# What to do:
Ignoring every picture, return the lines of the listing below word for word, from the line that holds "Cama o camas" through the line that holds "Écran central affichant".

Given records below:

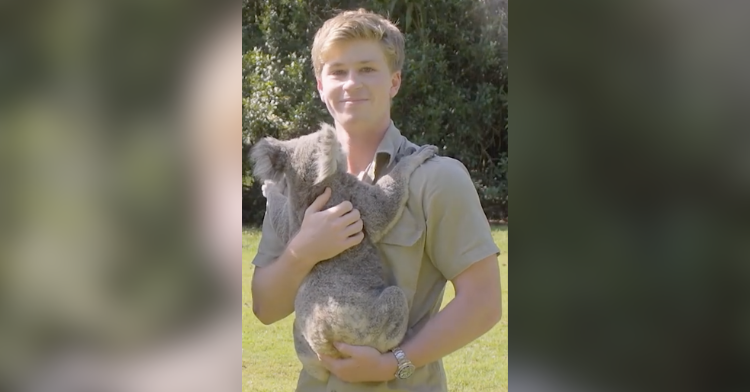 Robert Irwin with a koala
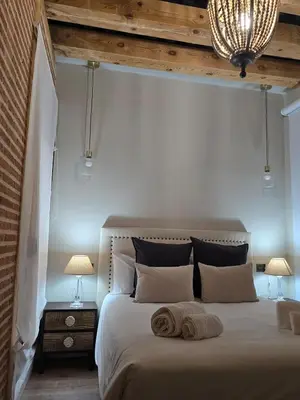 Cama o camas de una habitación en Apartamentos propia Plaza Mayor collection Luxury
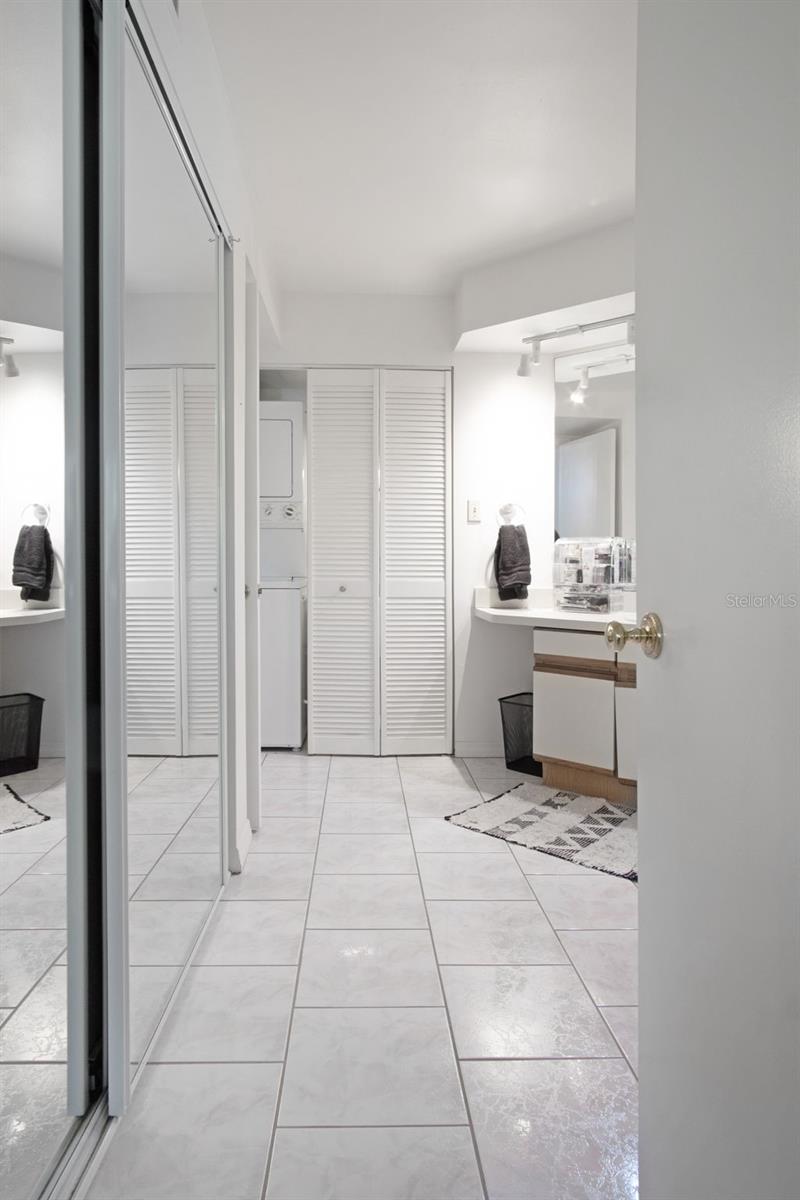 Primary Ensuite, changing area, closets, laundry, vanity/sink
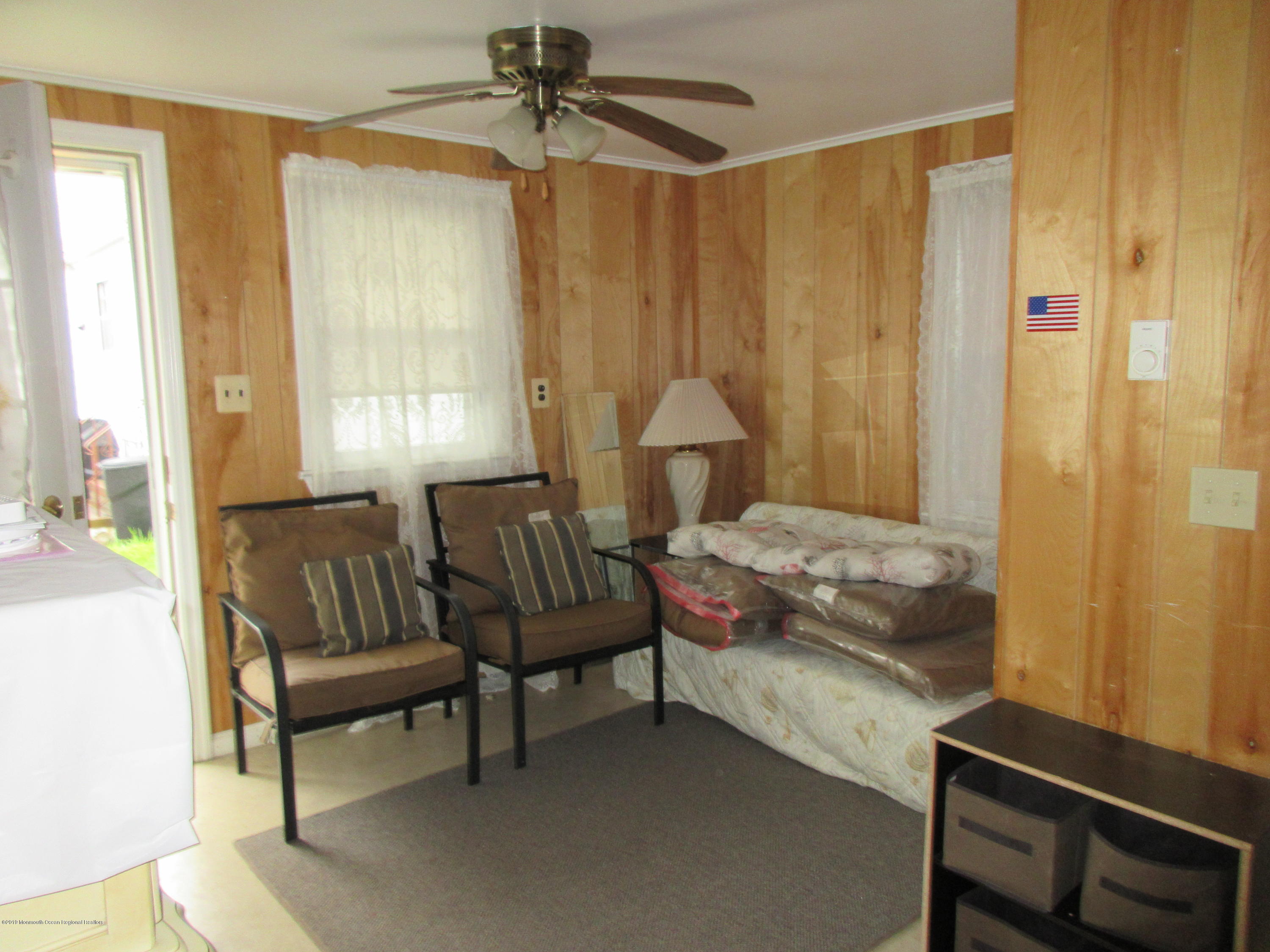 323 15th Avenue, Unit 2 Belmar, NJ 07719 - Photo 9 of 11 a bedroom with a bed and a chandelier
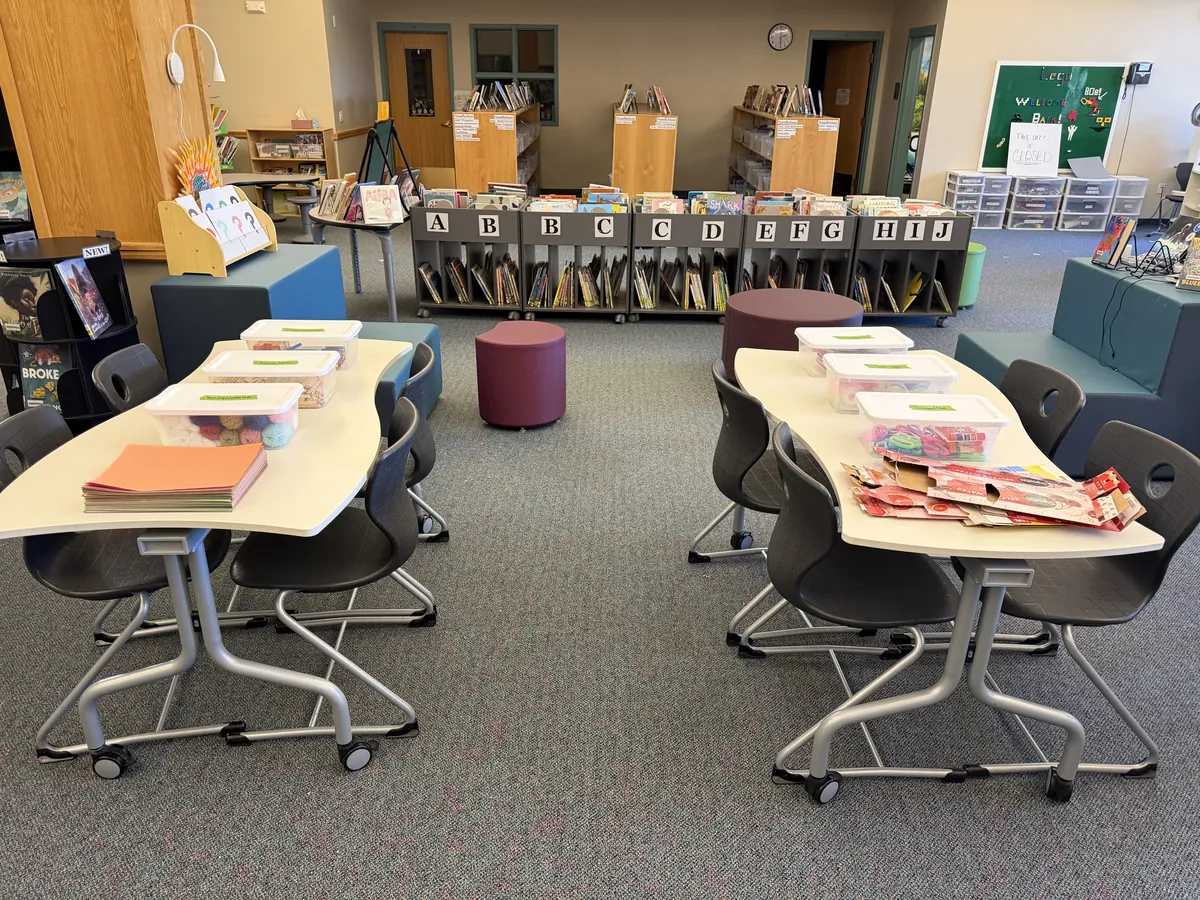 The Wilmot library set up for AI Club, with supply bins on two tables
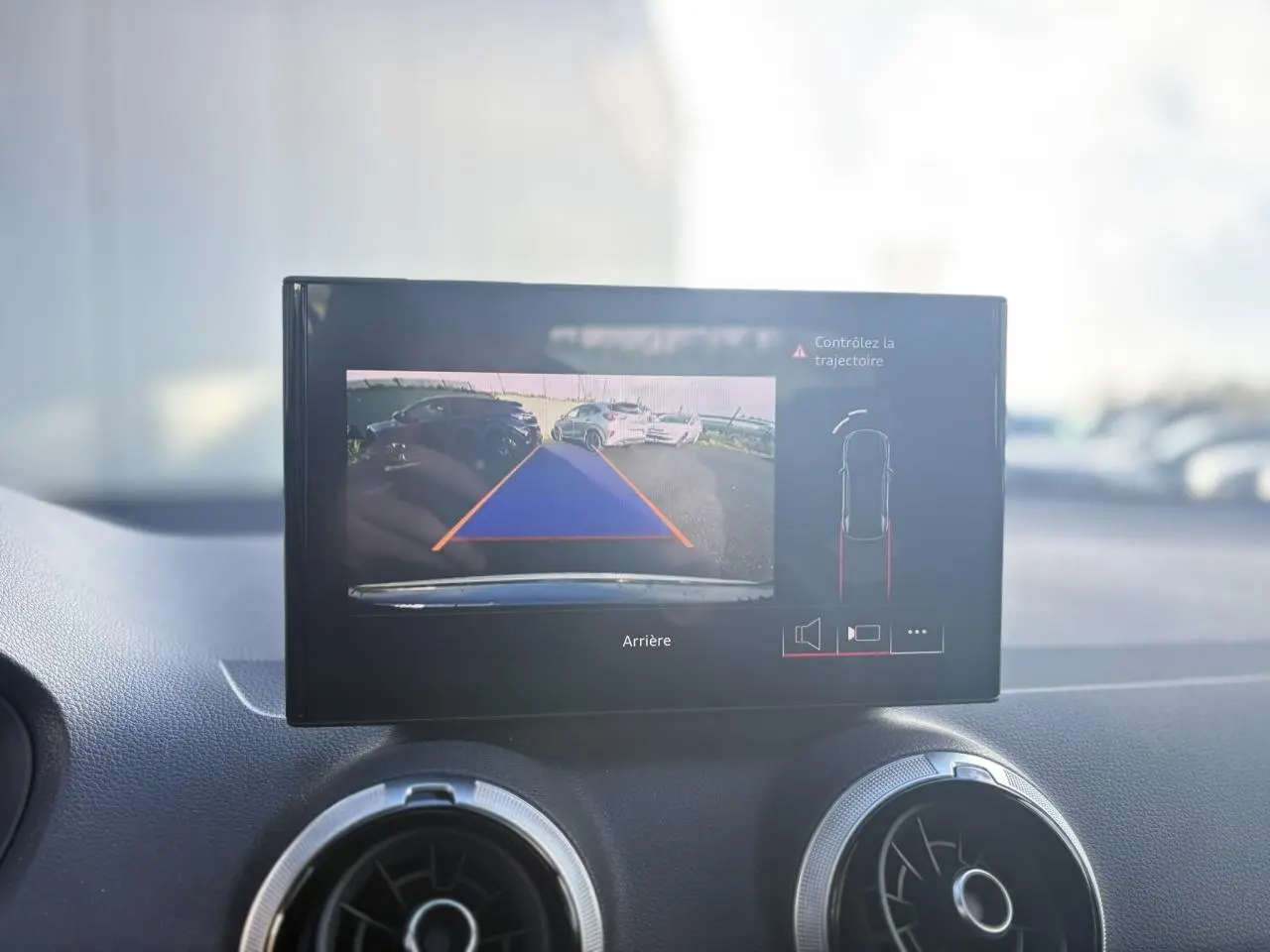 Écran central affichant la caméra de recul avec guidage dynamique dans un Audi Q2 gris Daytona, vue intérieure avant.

End of Given records.
Given records below:

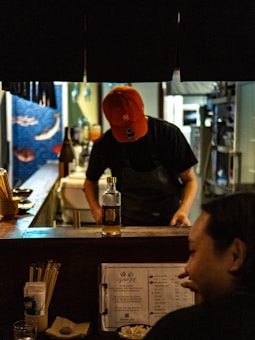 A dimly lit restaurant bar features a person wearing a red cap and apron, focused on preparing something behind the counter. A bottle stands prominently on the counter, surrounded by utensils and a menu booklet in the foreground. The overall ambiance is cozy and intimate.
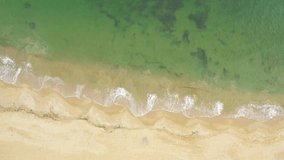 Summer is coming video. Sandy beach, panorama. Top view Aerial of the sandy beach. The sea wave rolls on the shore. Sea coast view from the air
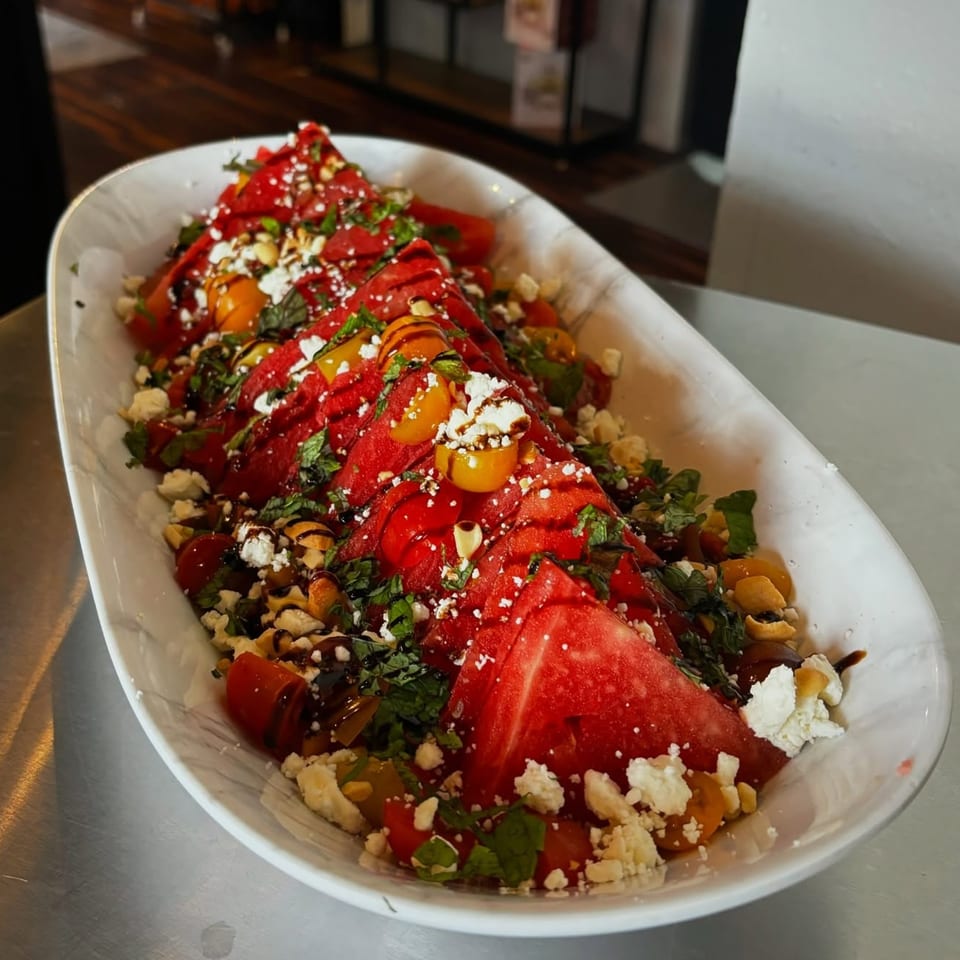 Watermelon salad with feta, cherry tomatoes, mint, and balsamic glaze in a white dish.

End of Given records.
Given records below:

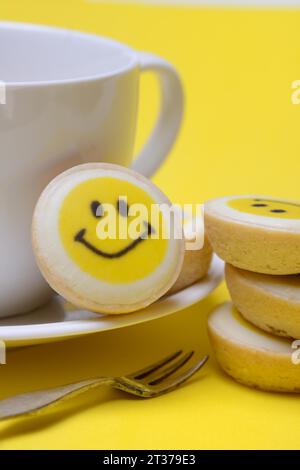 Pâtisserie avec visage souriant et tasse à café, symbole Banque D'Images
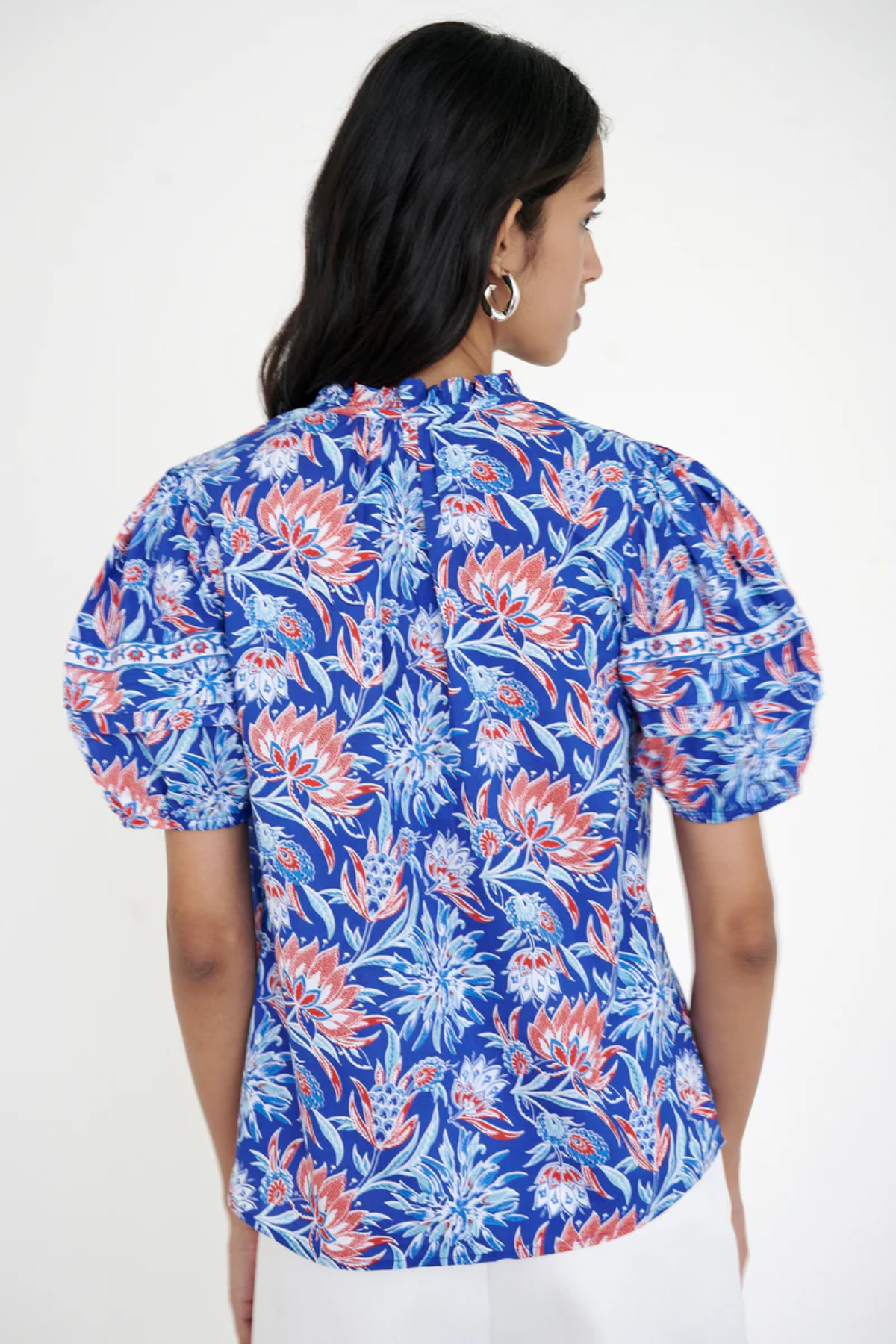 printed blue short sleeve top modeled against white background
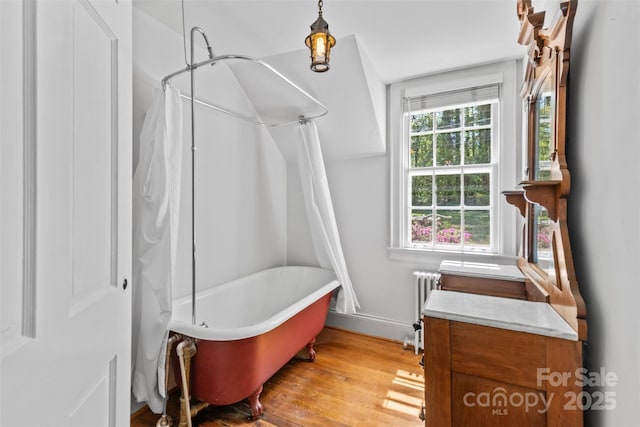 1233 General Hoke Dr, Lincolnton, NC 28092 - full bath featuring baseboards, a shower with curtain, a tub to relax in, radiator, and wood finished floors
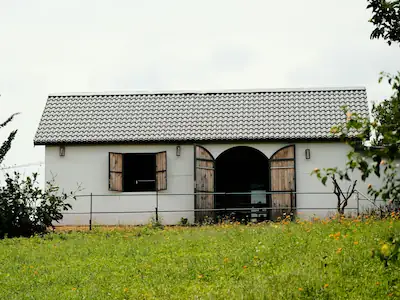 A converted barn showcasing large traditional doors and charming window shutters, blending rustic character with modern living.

End of Given records.

# Written response:
 Cama o camas de una habitación en Apartamentos propia Plaza Mayor collection Luxury
 Primary Ensuite, changing area, closets, laundry, vanity/sink
 323 15th Avenue, Unit 2 Belmar, NJ 07719 - Photo 9 of 11 a bedroom with a bed and a chandelier
 The Wilmot library set up for AI Club, with supply bins on two tables
 Écran central affichant la caméra de recul avec guidage dynamique dans un Audi Q2 gris Daytona, vue intérieure avant.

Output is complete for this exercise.